A growing number of state legislatures have mandated primary sources in American history classes to purge racially divisive bias from K-12 public education as the school year begins.

Ten states have passed laws requiring primary sources, according to the Ohio-based Ashbrook Center, an independent program at Ashland University that supplies core documents and trains teachers in their use. The new requirements have created a spike in the number of teachers contacting the center, which launched in 1983.

“Studying the words of those who actually lived and breathed American history fosters true understanding, appreciation for, and application of our past to the challenges we face today, free of bias and whitewashing,” Jeff Sikkenga, the center’s director, said in an email.

A political science professor at a private Christian university, Mr. Sikkenga said 30,000 teachers, mostly at public schools, will use the center’s materials this year.

Kentucky, Arizona and Colorado are mandating primary sources for the first time.

Kentucky’s new law requires public schools to use copies of the Constitution, the Declaration of Independence and other founding documents from a list supplied by Ashbrook.

In Arizona, House Bill 2008 prescribes lessons on the “original intent of the U.S. founding documents” and on “defending the blessings of liberty inherited from the prior generations and secured by the U.S. Constitution.”

Colorado’s law instructs teachers to cover the nation’s founding documents and basic civics knowledge.

“It is dependent on the teacher and the philosophy of the school or district on how the documents are interpreted,” said Pam Benigno, director of the Education Policy Center at the Independence Institute in Denver.

The other seven states that recently passed laws to require primary sources are Florida, Idaho, Louisiana, North Carolina, South Carolina, Texas and Wyoming.

Florida’s law will go into effect at the start of the 2023-24 school year.

South Carolina’s Senate Bill 38 specifies that schools must teach “the United States Constitution, the Federalist Papers, the Emancipation Proclamation, and the Declaration of Independence to each student.”

The focus on primary sources comes amid reports of declining civics knowledge. Last week, an annual poll from the University of Pennsylvania’s Annenberg Public Policy Center found that 56% of adults could not name the three branches of the federal government — executive, legislative and judicial — and fewer than one-quarter knew any of the freedoms guaranteed by the First Amendment.

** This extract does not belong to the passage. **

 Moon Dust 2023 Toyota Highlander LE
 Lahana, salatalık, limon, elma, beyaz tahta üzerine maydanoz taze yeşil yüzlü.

Kimberly Fletcher, president of the conservative group Moms for America, says using primary sources addresses the concern of many parents that textbooks indoctrinate students with a liberal bias while ignoring basic knowledge.

“Source documents are the most accurate account of history,” Ms. Fletcher said in an email. “If we are going to make any serious repairs to our education system, we need to lay a foundation of truth and honesty using the accounts of those who were actually there and wrote about it.”

Practiced in small circles for decades, primary source education resembles the Great Books programs at many U.S. colleges. Advocates say it challenges students to think for themselves rather than parrot a liberal or conservative bias.

Nevada public high school teacher Kevin Barney, who works at Veterans Tribute Career and Technical Academy in Las Vegas, uses Ashbrook materials in his Advanced Placement U.S. History classes.

Rather than teach things his students can look up on their smartphones, Mr. Barney says he uses the source documents to frame discussions “on what they’re going to do with the facts” after graduation.

“How can they turn the facts into an argument?” Mr. Barney said, noting that his students are predominantly the children of Latino immigrants.

Robert Bortins, CEO of the Christian home education program Classical Conversations, says homeschoolers have used primary sources for years partly because “timeless materials” are cheaper than textbooks.

“You would need to have teachers that help students ask and discuss good questions, as well as teaching students to read at a level that they can understand the documents,” said Mr. Bortins, whose group provides a mix of primary and secondary texts. “These are all vital skills of a self-governing society.”

According to Mr. Bortins, the number of U.S. homeschooled children enrolled in the North Carolina-based program jumped from 108,540 in the fall of 2020 to 125,371 in the fall of last year.

Not everyone is sold on the idea that the new state laws will remove political bias from public education.

“First, all writing contains bias,” said Jen Garrison Stuber, advocacy chair of the Washington Homeschool Organization. “Second, not all historical events have primary source material. No one in Pompeii wrote, ‘Yikes! Here comes the lava!’”

Connor Boyack, president of the free-market Libertas Institute in Utah, recently published a children’s textbook on American history. He says it’s impossible to teach primary sources without explaining their context.

“We can’t convey any of that context without bias or interpretation,” said Mr. Boyack, author of the “Tuttle Twins” books. “Instead, parents have to recognize that their children are going to learn history through an interpretive lens of some sort, so they have to be cautious and concerned about what that lens is.”